Top of Records for processing

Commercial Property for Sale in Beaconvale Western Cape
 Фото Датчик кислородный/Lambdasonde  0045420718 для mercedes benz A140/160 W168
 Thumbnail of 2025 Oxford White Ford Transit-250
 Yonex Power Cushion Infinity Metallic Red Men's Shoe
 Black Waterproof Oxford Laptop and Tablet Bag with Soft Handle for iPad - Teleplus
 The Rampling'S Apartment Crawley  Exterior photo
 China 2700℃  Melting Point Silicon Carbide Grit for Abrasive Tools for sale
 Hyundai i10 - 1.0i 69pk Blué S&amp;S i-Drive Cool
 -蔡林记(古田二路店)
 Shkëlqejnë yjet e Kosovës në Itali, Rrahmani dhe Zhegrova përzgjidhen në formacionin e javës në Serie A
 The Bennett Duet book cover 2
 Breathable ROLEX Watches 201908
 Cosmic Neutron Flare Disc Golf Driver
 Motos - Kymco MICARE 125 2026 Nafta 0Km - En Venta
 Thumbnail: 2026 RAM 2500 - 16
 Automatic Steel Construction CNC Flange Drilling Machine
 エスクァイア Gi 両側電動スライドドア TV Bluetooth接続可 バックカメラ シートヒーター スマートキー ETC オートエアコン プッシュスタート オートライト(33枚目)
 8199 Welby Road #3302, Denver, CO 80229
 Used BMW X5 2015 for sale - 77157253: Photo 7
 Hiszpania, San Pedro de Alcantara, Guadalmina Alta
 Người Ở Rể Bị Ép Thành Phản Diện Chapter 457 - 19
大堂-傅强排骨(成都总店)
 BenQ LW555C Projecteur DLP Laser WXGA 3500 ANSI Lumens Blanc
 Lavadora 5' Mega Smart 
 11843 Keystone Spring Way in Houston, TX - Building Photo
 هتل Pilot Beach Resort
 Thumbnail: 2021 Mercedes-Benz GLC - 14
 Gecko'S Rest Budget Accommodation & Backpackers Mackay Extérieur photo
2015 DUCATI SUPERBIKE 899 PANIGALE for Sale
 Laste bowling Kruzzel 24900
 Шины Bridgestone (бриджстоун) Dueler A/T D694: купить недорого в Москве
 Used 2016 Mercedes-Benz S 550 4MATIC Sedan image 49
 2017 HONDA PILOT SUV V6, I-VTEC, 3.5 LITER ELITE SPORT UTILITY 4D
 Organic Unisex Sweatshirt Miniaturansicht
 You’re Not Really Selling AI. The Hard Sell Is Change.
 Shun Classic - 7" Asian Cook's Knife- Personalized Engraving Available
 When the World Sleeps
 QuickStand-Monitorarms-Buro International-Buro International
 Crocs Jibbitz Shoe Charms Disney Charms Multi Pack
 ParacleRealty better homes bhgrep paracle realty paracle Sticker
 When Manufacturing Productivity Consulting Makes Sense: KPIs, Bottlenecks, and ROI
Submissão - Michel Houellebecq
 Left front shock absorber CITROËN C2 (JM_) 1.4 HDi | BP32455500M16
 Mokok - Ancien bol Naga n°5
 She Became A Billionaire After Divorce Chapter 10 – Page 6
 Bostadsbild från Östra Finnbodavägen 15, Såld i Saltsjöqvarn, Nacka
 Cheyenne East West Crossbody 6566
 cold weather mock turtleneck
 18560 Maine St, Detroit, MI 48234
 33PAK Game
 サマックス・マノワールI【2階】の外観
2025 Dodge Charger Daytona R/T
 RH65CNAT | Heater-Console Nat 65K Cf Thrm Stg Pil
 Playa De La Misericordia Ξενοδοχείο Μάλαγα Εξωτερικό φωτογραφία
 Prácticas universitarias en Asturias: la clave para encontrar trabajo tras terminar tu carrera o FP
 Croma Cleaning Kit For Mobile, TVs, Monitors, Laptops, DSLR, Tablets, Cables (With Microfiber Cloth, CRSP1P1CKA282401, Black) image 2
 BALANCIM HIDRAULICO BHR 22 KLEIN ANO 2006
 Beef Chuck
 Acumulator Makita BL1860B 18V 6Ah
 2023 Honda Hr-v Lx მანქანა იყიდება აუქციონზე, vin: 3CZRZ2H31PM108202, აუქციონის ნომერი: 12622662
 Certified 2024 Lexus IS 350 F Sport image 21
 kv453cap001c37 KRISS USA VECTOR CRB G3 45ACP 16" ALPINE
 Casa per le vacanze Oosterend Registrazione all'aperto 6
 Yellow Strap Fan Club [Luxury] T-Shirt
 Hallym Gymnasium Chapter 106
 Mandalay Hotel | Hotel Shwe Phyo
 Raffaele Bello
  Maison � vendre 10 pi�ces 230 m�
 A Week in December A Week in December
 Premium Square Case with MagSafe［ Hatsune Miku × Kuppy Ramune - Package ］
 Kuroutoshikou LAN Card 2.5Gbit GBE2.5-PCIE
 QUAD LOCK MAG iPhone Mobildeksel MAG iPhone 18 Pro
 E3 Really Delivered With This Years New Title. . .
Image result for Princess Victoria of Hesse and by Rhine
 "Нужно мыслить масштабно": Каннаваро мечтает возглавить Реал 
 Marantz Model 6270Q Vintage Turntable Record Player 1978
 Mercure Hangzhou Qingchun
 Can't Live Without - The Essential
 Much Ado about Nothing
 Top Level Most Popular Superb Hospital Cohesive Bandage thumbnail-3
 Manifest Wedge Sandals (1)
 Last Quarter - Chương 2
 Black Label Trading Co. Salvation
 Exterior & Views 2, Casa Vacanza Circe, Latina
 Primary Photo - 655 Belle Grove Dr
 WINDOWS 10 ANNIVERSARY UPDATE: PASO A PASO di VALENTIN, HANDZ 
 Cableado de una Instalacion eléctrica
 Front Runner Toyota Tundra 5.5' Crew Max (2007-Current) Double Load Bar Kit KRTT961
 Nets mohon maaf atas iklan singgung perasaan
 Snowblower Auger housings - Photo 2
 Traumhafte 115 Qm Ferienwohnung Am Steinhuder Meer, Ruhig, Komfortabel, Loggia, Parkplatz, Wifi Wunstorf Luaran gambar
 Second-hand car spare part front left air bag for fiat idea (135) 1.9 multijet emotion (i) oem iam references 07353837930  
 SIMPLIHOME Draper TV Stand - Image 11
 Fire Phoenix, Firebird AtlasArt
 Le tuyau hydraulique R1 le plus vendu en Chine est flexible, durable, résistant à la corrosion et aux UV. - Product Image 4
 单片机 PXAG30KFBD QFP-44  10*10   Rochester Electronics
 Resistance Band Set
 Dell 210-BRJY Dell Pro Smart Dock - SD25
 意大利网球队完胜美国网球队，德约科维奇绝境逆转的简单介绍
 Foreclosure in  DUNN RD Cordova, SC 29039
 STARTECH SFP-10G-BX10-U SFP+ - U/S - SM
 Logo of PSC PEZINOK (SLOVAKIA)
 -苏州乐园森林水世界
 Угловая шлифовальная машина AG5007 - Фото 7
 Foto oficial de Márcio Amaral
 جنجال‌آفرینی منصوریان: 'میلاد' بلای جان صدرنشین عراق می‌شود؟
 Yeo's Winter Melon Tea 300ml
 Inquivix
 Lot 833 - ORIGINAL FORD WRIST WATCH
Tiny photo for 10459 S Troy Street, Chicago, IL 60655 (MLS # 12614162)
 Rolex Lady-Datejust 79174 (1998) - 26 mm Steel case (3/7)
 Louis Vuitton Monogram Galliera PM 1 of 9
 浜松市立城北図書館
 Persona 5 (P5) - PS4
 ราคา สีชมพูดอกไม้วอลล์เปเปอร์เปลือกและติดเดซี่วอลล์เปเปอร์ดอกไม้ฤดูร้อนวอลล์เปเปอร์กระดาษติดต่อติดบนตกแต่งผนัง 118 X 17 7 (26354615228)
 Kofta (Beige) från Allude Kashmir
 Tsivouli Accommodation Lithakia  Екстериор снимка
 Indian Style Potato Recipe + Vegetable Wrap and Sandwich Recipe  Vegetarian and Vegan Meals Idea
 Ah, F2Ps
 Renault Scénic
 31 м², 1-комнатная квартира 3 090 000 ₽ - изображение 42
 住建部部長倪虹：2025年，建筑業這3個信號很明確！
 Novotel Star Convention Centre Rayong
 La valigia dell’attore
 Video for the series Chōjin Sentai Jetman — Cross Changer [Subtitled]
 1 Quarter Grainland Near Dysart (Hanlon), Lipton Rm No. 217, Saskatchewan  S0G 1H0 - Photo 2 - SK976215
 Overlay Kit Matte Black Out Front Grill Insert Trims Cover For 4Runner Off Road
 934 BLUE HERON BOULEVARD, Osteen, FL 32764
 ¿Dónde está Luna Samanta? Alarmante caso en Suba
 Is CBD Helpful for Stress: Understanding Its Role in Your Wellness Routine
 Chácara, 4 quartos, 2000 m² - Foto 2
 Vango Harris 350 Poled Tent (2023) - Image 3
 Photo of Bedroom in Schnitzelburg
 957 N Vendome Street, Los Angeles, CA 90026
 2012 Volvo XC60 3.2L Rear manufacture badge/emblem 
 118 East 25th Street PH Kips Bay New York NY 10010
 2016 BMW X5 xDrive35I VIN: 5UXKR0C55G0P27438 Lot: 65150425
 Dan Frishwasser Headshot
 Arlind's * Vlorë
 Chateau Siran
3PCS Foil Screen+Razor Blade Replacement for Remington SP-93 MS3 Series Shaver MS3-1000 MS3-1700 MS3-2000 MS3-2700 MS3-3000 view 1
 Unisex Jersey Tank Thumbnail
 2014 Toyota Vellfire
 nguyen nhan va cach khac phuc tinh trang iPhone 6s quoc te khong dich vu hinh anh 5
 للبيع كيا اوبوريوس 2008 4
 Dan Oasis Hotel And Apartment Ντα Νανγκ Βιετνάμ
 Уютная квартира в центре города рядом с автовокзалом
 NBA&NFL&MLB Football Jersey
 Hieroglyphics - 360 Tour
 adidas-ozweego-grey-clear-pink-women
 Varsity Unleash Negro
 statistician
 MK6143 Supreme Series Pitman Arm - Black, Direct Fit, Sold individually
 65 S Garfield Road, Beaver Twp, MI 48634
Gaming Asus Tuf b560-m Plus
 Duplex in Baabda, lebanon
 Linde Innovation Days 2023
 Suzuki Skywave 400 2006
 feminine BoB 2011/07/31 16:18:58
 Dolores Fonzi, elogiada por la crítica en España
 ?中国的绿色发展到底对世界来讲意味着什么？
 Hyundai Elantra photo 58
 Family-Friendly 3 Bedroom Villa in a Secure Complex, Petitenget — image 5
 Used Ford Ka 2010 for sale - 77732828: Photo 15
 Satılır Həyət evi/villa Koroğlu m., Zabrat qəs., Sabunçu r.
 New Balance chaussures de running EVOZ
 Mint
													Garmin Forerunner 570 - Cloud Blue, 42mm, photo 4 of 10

Bottom of Records for processing

◆ Work item
Scan the records for the word "Bedroom" and copy every line where it is found.

◆ Result for this task
 Photo of Bedroom in Schnitzelburg
 Family-Friendly 3 Bedroom Villa in a Secure Complex, Petitenget — image 5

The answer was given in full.